Sutter’s Place, Inc. dba Bay 101
McManis Faulkner successfully represented Bay 101, a casino in San Jose, in a class action brought by card dealers claiming they were illegally required to contribute a portion of gratuities received from players to a common account that was distributed to other casino employees. This arrangement is commonly called a tip pool.
At trial in May 2011, the plaintiffs claimed Bay 101 was liable to the dealers because this ‘tip pooling” arrangement was illegal. The causes of action at issue at trial were for the common count of money had and received and unfair business practices under Business and Professions Code section 17200. All of the other claims, failure to pay minimum wage, conversion, reimbursement, breach of contract, collecting and receiving employee wages and violation of Labor Code section 351 were dismissed prior to the trial in pretrial motions. The money had and received claim was tried to a jury and the unfair competition claim was tried at the same time to Judge James Kleinberg. After the plaintiffs presented their case, Bay 101 brought a motion for nonsuit on the money had and received claim and a motion for judgment on the unfair competition claim. Judge Kleinberg granted both motions and entered judgment for Bay 101. Plaintiffs appealed the trial court’s decisions on the following: money had and received, conversion, failure to pay minimum wage and the unfair competition.
In the Court of Appeal of the State of California Sixth Appellate District, plaintiffs’ lawyers argued that all of the dealers’ claims should not have been dismissed because the tips belonged to the dealers and Bay 101 was not legally permitted to require the dealers to contribute to the tip pool. Plaintiffs claimed that although tip pooling had been found by the courts to be legal in the restaurant setting, the method of tipping in a casino demonstrated that players intended tips to be the sole property of the dealers. Plaintiffs claimed that because tips are tossed in the direction of the dealer from a winning hand, contrasted with tips being left on a table for a group in a restaurant, the player intends the tips to be for the dealers only and Bay 101 could not legally require the dealers to contribute any of the tips for other employees. The Court of Appeal agreed with the trial court that the intent of the tipper was not relevant to the outcome of the case. The Court of Appeal held that tip pools mandated by employers can be legal in casinos if the purpose of Labor Code section 350 et seq. is not contravened by distributing the tip pool to any employer’s “agent,” as defined in section 350. In addition to arguing that any tip pool in a casino is illegal, plaintiffs also claimed that some of the tips were distributed to “agents.” The Court of Appeal found that plaintiffs failed to prove that any of the recipients of the tip pool were agents because none of them had “management level” authority. The Court of Appeal agreed with the trial court that merely “directing another employee in the performance of some of his or her duties” did not amount to the degree of supervision and control that an employee would need in order to be an agent of the employer within the meaning of Section 350.

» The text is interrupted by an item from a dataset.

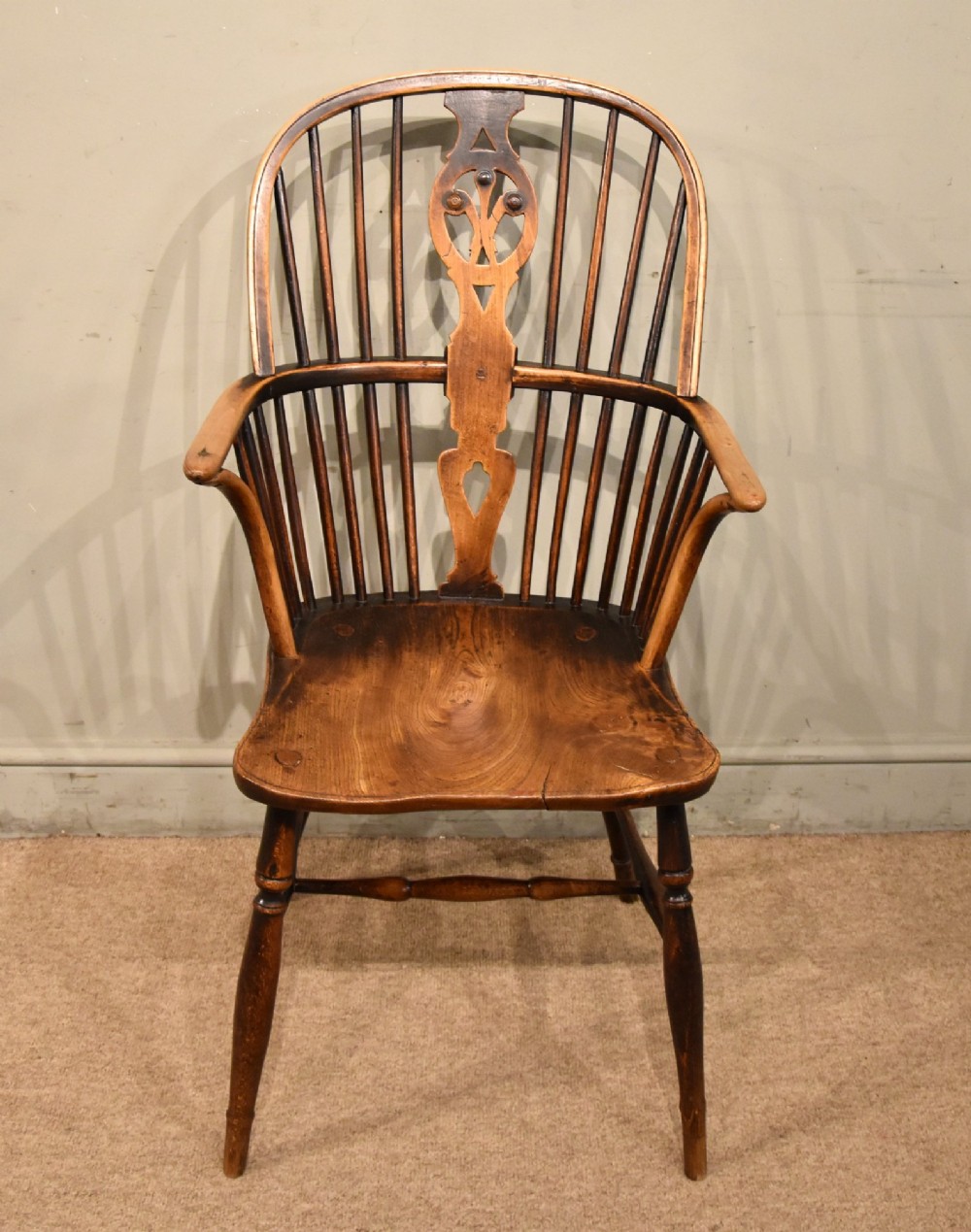 A pair of antique Welsh high-back Windsor armchairs crafted from warm brown elm, featuring pierced splats, spindle backs, shaped seats, and turned legs joined by stretchers. View VIII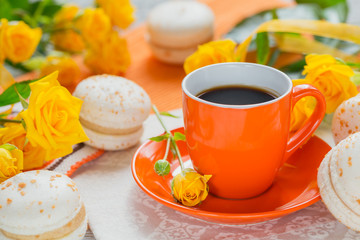 Orange cup of black coffee, yellow roses flowers and sweet pastel french macaroons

The Court of Appeal also confirmed the trial court’s ruling that the money had and received claim failed noting that the plaintiffs’ evidence was insufficient to establish that the money contributed by the dealers into the tip pool was their money, which, in equity and good conscience, should be returned to them. Rather, the evidence presented by the plaintiffs established that the amount of money dropped into the tip pool did not exceed an amount that was a fair and equitable portion of the gratuities that rightfully belonged to other employees of Bay 101. The Court of Appeal ruled that the money Bay 101 received and distributed to other employees belonged to these other employees and was intended by the dealers to be used for their benefit and not for the benefit of the dealers.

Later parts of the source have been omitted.